What to do if you have Multicollinearity issues?

A

-Increase sample size to stabilise the regression coefficients

-Remove redundant (no longer needed or useful) variable(s)

-If the 2 or more variables are important, create a variable that takes both of them into account (you’d do that by doing Z score and adding them together)

-If two variables highly correlated just pick one as they both give the same (to prevent multicollinearity)

32
Q

Give an example of a simple regression write-up

A

A simple regression was carried out to investigate the relationship between self-control and BMI. The regression model was significant and predicted approximately 47% of variance (adjusted R2 = .47; F (1, 98) = 87.35, p < .001). Self-control was a significant negative predictor of BMI (b = -.50 (s.e. = .05), p <.001; 95% CI -.60 to -.39).

33
Q

Give an example of a multiple regression write-up

A

-A multiple regression was conducted to investigate the roles of self-control, eating restraint and attachment on BMI. The regression model was significant and predicted 48% of variance (adjusted R2 = .48: F (3, 96) = 31.50, p < .001).
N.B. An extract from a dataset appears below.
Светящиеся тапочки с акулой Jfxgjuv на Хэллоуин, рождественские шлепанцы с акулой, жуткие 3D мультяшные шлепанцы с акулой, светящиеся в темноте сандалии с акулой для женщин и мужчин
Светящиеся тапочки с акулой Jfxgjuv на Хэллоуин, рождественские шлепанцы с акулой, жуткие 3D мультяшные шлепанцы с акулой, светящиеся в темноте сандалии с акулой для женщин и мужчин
Self-control was a significant negative predictor of BMI (b = -0.47 (s.e. = 0.05), p < .001 ; 95% CI -.58 to -.37), Attachment was a significant predictor of BMI (b = 2.00 (s.e. = 0.99), p = .045; 95% CI .05 to 3.96), with those with insecure attachment having higher BMI. However, eating restraint was not a significant predictor (b = -0.05 (s.e. = .09), p = .565; 95% CI = -.23 to .12). Variance Inflation Factors suggest multicollinearity was not a concern (self-control = 1.05, eating restraint = 1.04, Attachment = 1.03).